# Smart phone apps



## Bigmtman (Feb 4, 2008)

Hey guys I know I seen this on here before but can't find it.I'm getting a smart phone this weekend and wanted to know about helpfull apps like a good radar,weather,wave forcast and maybe gps apps.What do some of you have?Does it cost to get these?


----------



## Pike (Apr 7, 2004)

Here are a couple apps that I have and use often.
Weather: The Weather Channel and swackett (both are free)
GPS: MapQuest, it is free and offers turn by turn (free)
Local Stuff, no matter where you are: Yelp (free)
Other Apps I use include: OHub Campfire, Shazam, Pandora, Google Earth, SkyView


----------



## SPOONFEEDER (Jul 6, 2006)

Here are the ones i have
Marine weather by Blufinn, wave forcast/ bouy info. Free
Radar Now, weather radar. Free
I use Google Maps for road navigation. Free
Navionics app, same as the chip for chartplotters. $10-$15 worth every penny.

Sent from my DROID BIONIC


----------



## K gonefishin (May 4, 2004)

Marine Weather by Bluefinn- Has all bouy data and weather station.

Wind alert- same as iwindsurf in an app 

Ohub campfire- OGF App 

Weather Bug- my favorite weather app, make sure you put a large widget on your homescreen for it, this thing has saved me on the water many times, I've outran rain and stayed dry up at the islands on a few occations it's dead on if you keep updating it. 

Flashlight- always handy

Alarm clock

Pandora Radio- if your truck as a jack you can jam music right from your phone through your cars stero- be careful if you don't have unlimited data plan

Get used to the GPS/Google Maps it's awesome you can talk right into it and tell it what you want and it will take you right there with turn by turn directions.
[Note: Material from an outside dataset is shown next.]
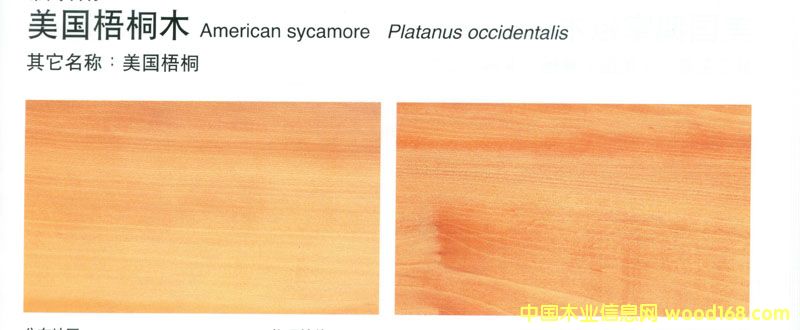 ������ͩSycamore2��Ԕ����B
Or say subway nearest me and they will all pop up on the map you touch which one you want and it will give you distance and directions, with reviews. 

Smartphones are awesome.


----------



## Bigmtman (Feb 4, 2008)

Thanks guys a lot can't wait to get this tonight and start playing with it.


----------



## Narf Koscelmik (Sep 21, 2007)

Geoflare is a great GPS for finding points on the water or finding a tree stand in the dark. I think it's like two bucks. I used it to mark points on the lake this past weekend because it is really low and revealing a lot of good structure.


----------



## Bonecrusher (Aug 7, 2010)

Navionics, navionics, navionics the only app i use regularly besides ebay and paypal.


----------



## Narf Koscelmik (Sep 21, 2007)

Will the Navionics app cover inland Lakes like pymatuning and mosquito?


Outdoor Hub mobile, the outdoor information engine


----------



## SPOONFEEDER (Jul 6, 2006)

I have the US&Canada navionics app and both lakes are covered.
Here are some screen shots off my droid bionic.

















Sent from my DROID BIONIC


----------



## Narf Koscelmik (Sep 21, 2007)

Cool man, thanks! Looks like I'm gonna be making a purchase !
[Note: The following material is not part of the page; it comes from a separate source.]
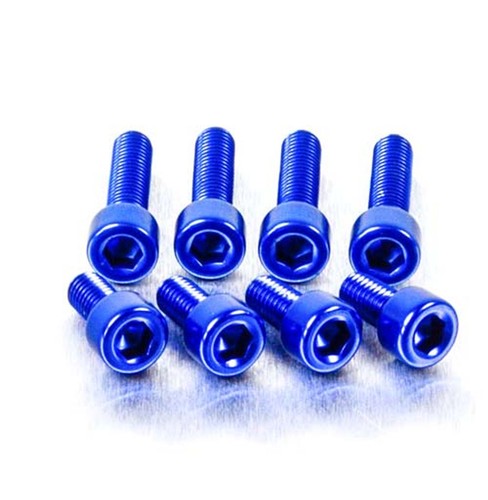 Petrol tank cap bolt - cap, screws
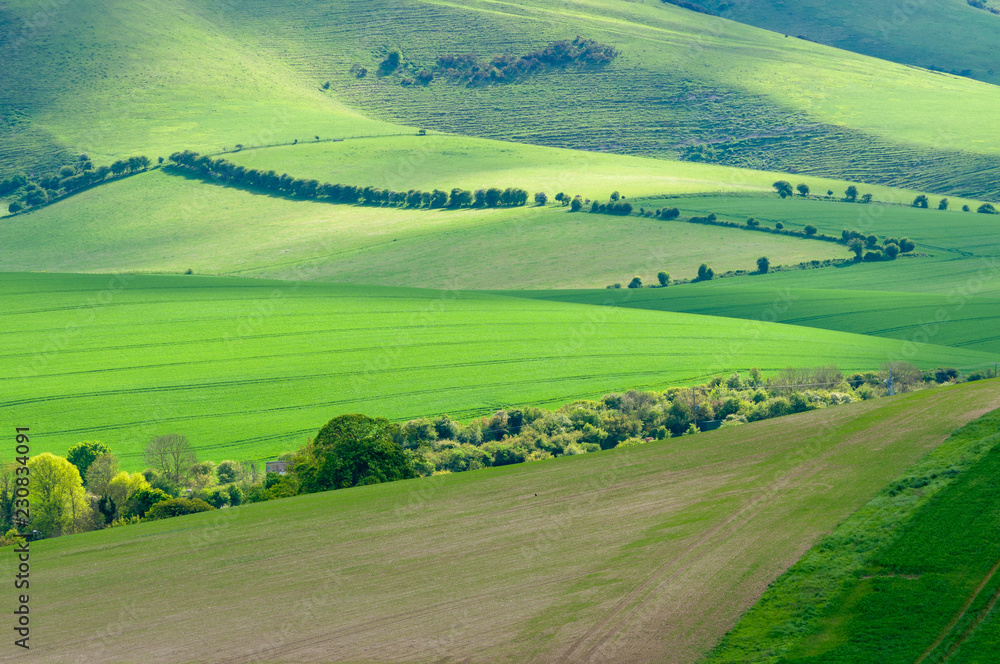 Light playing across fiields of Rapeseed on the South Downs, close to Lewes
Outdoor Hub mobile, the outdoor information engine


----------



## bluegilla killa (Feb 17, 2012)

great thread, i have weatherbug, but will now check out several other apps Thanks


----------



## MassillonBuckeye (May 3, 2010)

Navionics, Accuweather doppler radar, I Heart Radio, Pandora, Flashlight, Tapatalk


----------



## RBoyer (Jan 7, 2012)

Does navionics have gps? Or is it just maps?


-Ryan Boyer


----------



## Dougnoobie (Jul 28, 2010)

I have the avionics for central us. I love it on Erie. It does use gps.

Sent from my PC36100 using Tapatalk


----------



## RBoyer (Jan 7, 2012)

Dougnoobie said:


> I have the avionics for central us. I love it on Erie. It does use gps.
> 
> Sent from my PC36100 using Tapatalk


Was just checking it out on the app store I'm def getting it now! If it could tell me exacty what to use and where the fish were I'd pay even more for it!!!!! 


-Ryan Boyer


----------



## MassillonBuckeye (May 3, 2010)

RBoyer said:


> Was just checking it out on the app store I'm def getting it now! If it could tell me exacty what to use and where the fish were I'd pay even more for it!!!!!
> 
> 
> -Ryan Boyer


Yes. Apple needs to make a transducer for the iDevices..


----------



## catfishnut (Dec 23, 2010)

My favorite app would be scoutlook....I love this app!!!!! I haven't used the fishing option yet but I use the hunting one and now I can't live without it!LOL I have it set for all my blind positions and it shows me everything I need to know wind direction, not just any general direction, a cone actually shows it for each blind. It also shows elevation, sun rise/set, moon phase, hourly weather, moon rise/set and a ton of other info. You just pick a catagory, hunting, fishing, hiking and even golf and it gives you all the info you need and more!!......oh did I mention......I LOVE this app!!!!!lol


----------